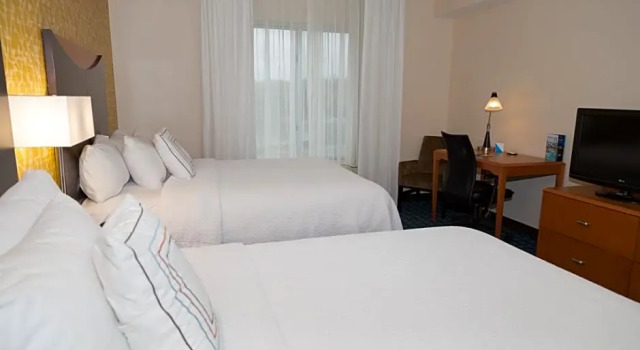 Четырёхместный номер Standard Fairfield Inn by Marriott Morgantown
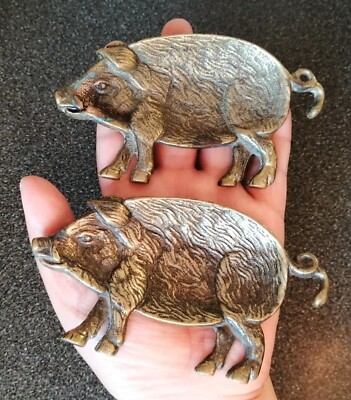 Paar kleine Messingschalen/-platten mit Schwein-Stil. Kann hängen & Tisch verwenden. 12x6cm/B-170g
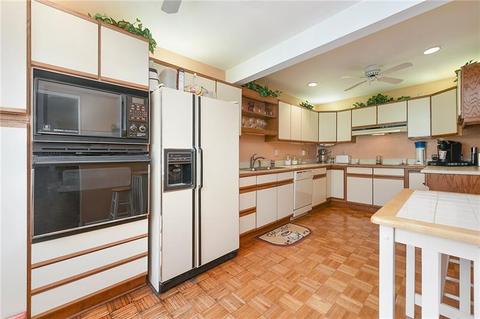 101 Williamsburg, Export, PA 15632 photo 9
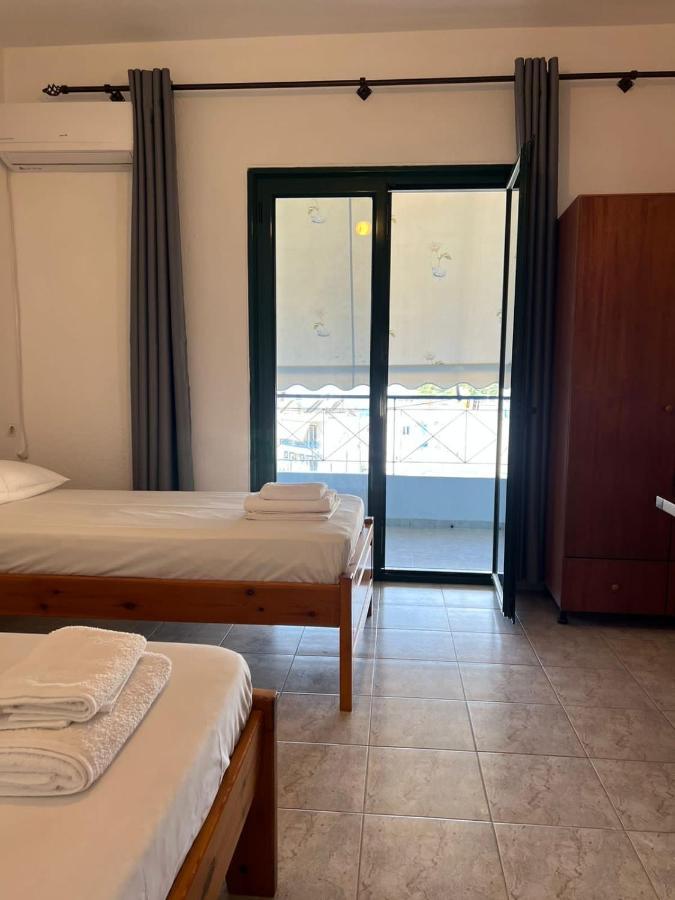 Nona'S Rooms Himarë Exterior foto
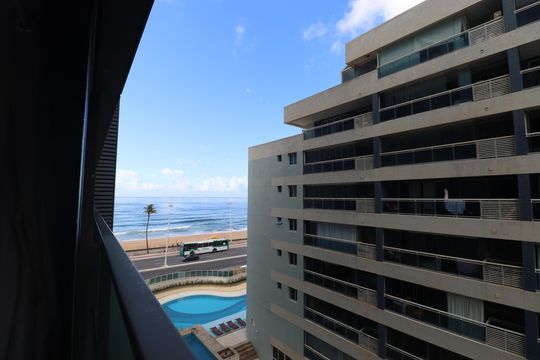 Varanda de kitnet/studio para alugar com 1 quarto, 31m² em Jardim Armação, Salvador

• • • • •

Images should not appear in the copy; retype the listing above exactly.

## Reply to the task
 Четырёхместный номер Standard Fairfield Inn by Marriott Morgantown
 Paar kleine Messingschalen/-platten mit Schwein-Stil. Kann hängen & Tisch verwenden. 12x6cm/B-170g
 101 Williamsburg, Export, PA 15632 photo 9
 Nona'S Rooms Himarë Exterior foto
 Varanda de kitnet/studio para alugar com 1 quarto, 31m² em Jardim Armação, Salvador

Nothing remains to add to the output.